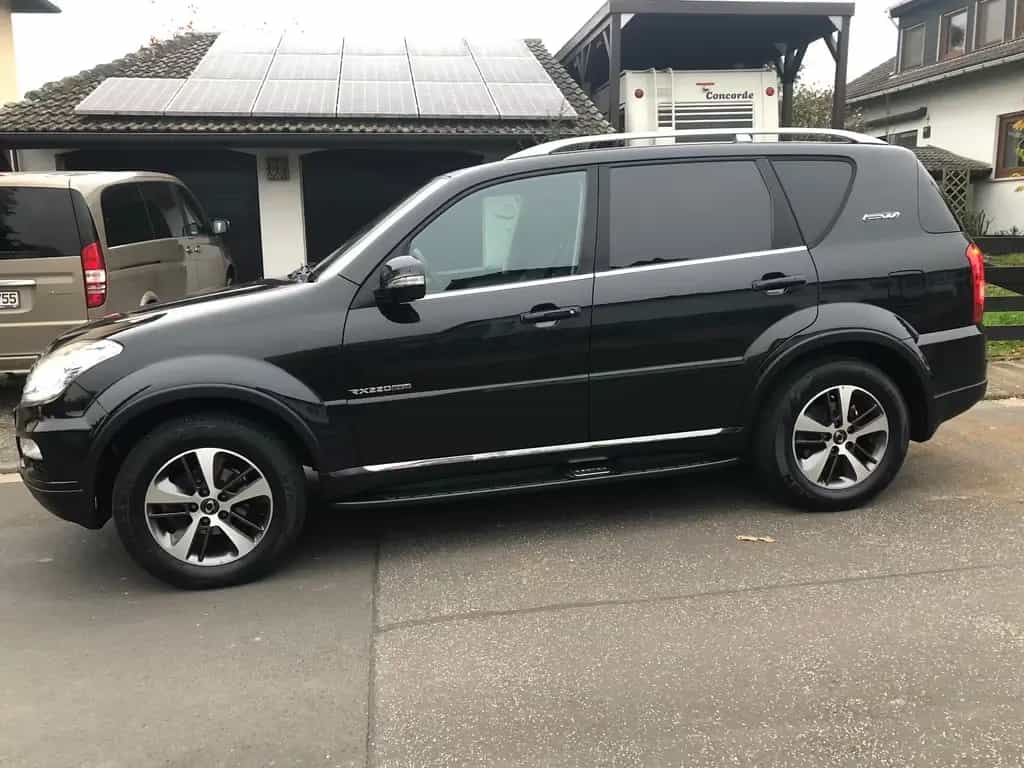 Ssangyong REXTON Allrad 7Sitze 3,5t AHK 2.2e-XDi Automatik 11/2017-photo-2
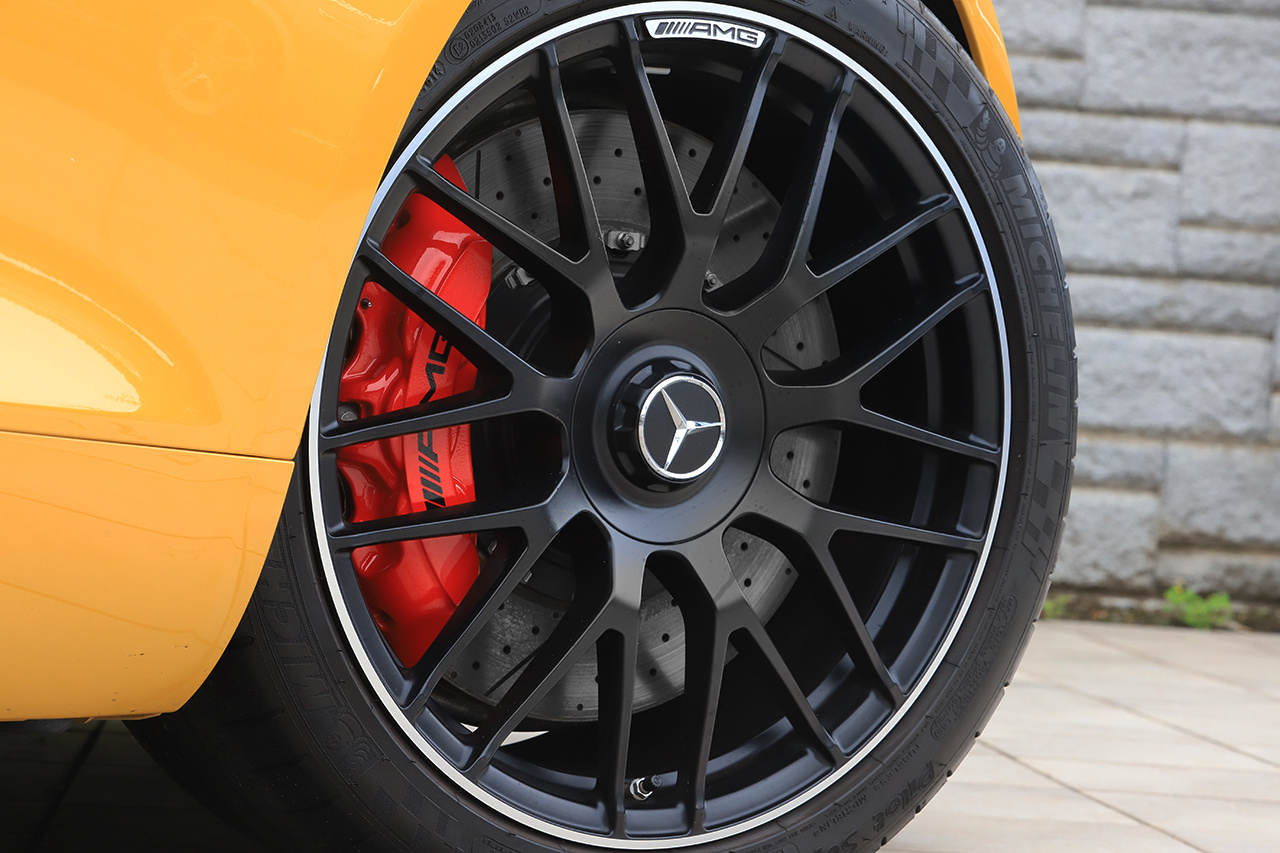 2015 Mercedes-AMG GT 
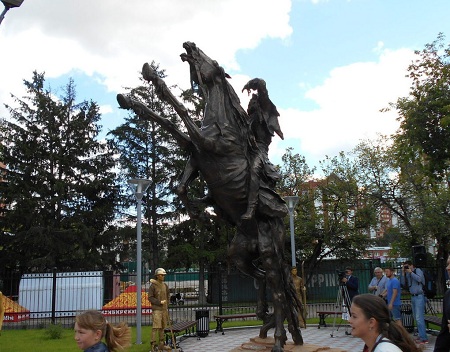 В Томске открыли памятник Ермаку на пятиногом коне. Автор в шоке..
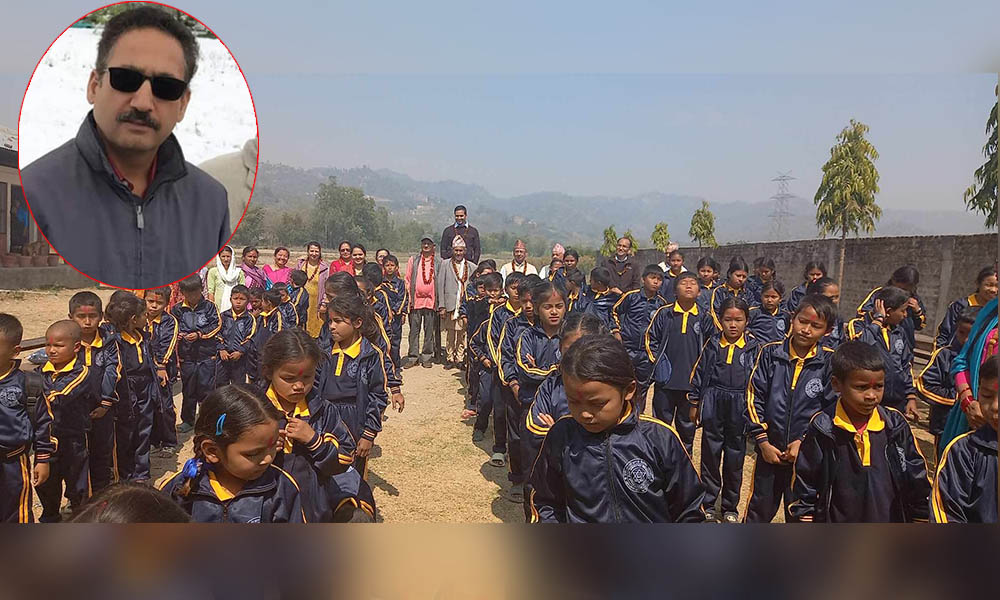 अमेरिकाबाट भोजराजको सहयोगमा पटाैनाको श्री आधारभूत विद्यालयका विद्यार्थीलाई निःशुल्क पोशाक वितरण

Prompt: In the copy, include exactly the lines from the one with "В Томске открыли" through the final line of the data, both ends included, and no pictures.

Exercise output:
 В Томске открыли памятник Ермаку на пятиногом коне. Автор в шоке..
 अमेरिकाबाट भोजराजको सहयोगमा पटाैनाको श्री आधारभूत विद्यालयका विद्यार्थीलाई निःशुल्क पोशाक वितरण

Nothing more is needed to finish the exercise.